### Exercise requirements
Each line containing the string "Edition" should be copied out of the entries.

### Source data
···

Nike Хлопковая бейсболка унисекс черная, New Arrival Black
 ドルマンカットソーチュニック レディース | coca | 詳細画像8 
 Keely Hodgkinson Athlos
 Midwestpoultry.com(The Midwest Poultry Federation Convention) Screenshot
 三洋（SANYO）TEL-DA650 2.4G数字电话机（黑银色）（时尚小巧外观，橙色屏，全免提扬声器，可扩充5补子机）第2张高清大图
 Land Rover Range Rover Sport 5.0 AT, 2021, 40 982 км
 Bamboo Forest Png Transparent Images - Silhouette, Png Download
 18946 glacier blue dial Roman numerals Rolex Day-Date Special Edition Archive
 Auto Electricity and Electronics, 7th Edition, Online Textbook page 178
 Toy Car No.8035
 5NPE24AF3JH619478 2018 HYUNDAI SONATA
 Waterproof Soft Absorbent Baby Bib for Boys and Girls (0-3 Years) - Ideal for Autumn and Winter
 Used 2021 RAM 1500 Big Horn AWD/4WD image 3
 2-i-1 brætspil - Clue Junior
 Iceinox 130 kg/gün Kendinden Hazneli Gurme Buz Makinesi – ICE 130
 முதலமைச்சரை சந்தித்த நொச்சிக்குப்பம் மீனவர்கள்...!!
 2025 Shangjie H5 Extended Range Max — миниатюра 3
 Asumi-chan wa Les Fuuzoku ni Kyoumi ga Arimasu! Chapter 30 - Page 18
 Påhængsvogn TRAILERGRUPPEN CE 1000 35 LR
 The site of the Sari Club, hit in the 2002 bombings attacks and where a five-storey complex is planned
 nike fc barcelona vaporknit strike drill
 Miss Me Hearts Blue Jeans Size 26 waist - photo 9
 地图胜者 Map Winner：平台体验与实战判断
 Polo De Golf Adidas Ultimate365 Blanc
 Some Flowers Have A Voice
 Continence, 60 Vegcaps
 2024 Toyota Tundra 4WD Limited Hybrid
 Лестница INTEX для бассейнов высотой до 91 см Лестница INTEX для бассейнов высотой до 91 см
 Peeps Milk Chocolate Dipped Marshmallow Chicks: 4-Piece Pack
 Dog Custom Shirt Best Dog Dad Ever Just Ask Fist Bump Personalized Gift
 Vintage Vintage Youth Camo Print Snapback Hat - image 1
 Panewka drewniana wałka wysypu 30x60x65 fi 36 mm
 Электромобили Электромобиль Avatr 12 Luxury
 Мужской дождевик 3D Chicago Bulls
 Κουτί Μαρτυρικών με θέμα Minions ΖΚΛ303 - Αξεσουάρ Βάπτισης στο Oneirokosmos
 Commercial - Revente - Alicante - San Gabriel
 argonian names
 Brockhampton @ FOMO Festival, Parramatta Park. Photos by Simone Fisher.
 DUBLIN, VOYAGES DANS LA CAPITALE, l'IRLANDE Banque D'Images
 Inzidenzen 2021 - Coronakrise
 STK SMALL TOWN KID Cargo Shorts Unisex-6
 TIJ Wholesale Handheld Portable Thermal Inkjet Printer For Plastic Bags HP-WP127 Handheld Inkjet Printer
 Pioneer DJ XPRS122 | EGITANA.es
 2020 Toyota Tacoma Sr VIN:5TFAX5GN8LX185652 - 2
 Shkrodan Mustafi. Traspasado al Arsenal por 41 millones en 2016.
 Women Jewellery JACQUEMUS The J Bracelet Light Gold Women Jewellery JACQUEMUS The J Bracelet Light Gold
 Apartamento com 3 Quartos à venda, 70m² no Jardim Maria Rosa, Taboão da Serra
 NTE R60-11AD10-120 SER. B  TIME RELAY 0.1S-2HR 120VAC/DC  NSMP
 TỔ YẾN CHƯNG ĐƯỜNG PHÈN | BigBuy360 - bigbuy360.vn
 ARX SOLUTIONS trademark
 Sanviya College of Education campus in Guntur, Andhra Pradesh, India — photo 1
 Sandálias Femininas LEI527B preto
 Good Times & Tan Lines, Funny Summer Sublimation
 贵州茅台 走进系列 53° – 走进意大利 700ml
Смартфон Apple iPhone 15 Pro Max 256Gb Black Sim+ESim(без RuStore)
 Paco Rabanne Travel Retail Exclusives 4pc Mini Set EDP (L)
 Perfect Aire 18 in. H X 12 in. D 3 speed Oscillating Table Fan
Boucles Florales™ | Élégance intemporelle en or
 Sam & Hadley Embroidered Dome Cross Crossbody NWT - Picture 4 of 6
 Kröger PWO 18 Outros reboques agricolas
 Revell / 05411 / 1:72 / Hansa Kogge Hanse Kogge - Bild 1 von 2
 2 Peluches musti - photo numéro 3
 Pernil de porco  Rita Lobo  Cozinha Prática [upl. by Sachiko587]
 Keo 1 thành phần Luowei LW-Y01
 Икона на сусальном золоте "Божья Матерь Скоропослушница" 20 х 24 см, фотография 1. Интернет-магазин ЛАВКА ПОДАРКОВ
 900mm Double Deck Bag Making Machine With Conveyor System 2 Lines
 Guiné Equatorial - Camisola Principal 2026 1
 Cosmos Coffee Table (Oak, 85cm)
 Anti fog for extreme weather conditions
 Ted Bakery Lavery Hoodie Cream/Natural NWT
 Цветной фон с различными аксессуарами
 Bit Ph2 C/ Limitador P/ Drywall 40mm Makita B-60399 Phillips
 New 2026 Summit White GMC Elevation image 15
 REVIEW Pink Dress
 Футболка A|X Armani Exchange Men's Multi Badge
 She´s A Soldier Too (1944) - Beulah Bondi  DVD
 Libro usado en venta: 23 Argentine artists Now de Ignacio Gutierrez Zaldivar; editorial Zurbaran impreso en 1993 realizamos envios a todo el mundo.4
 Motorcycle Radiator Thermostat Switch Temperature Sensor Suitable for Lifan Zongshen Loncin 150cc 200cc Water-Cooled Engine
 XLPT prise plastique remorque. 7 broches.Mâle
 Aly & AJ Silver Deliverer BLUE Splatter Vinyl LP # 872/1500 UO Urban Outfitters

···

### Solution for this exercise
 18946 glacier blue dial Roman numerals Rolex Day-Date Special Edition Archive
 Auto Electricity and Electronics, 7th Edition, Online Textbook page 178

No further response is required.